(Entries taken from a collection)
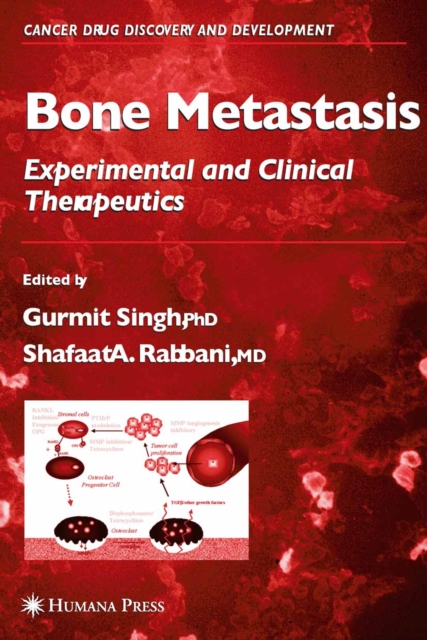 Bone Metastasis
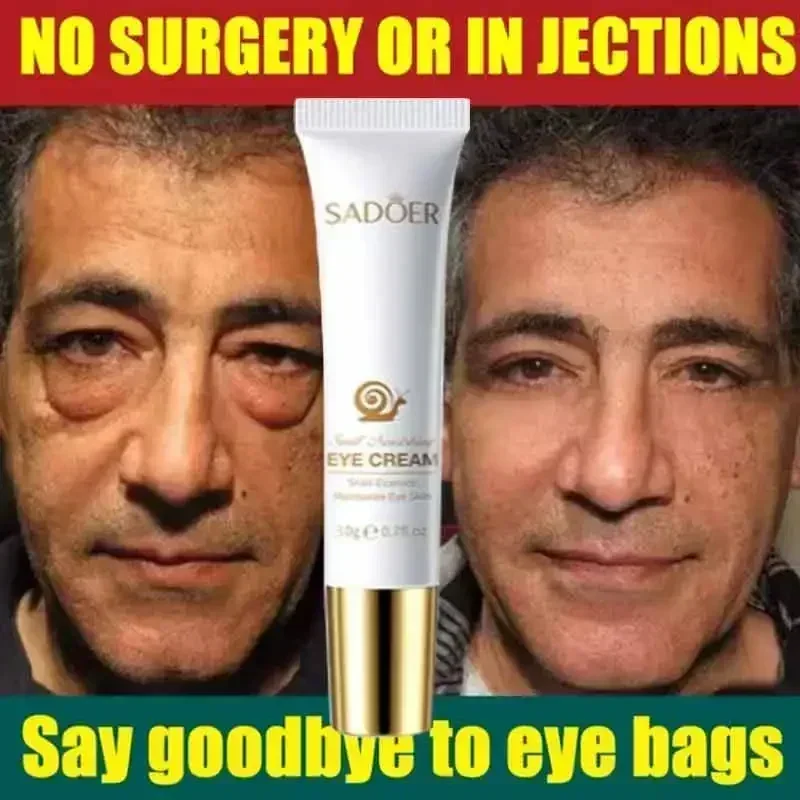 Instant Eye Bag Removal Cream Collagen Removal Wrinkles Lifting Fade Fine Lines Moisturizing Brightening Anti Puffiness Eye Care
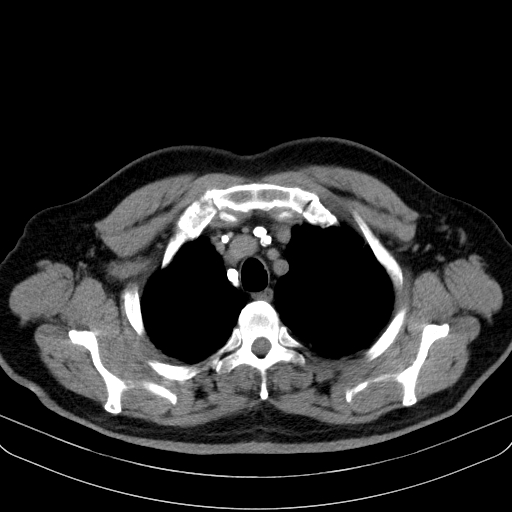 File:Classic complicated silicosis (Radiopaedia 49720-54961 Axial liver window 9).jpg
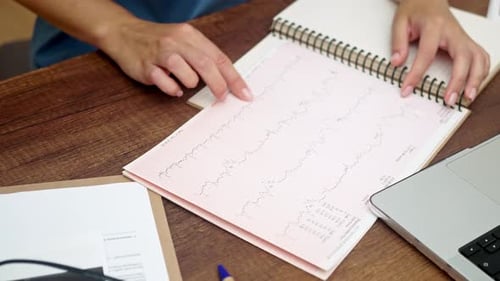 Cardiologist Looks at Cardiogram Working with Results of Patient Examination Sitting in Office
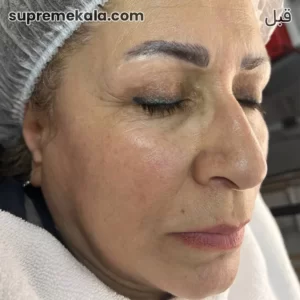 before-customer-satisfaction-3 (4)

§ Description of the task
Set down exactly the lines between the line containing "File:Classic complicated silicosis" and the end of the records above, both ends included; pictures stay out.

§ Response to this exercise
 File:Classic complicated silicosis (Radiopaedia 49720-54961 Axial liver window 9).jpg
 Cardiologist Looks at Cardiogram Working with Results of Patient Examination Sitting in Office
 before-customer-satisfaction-3 (4)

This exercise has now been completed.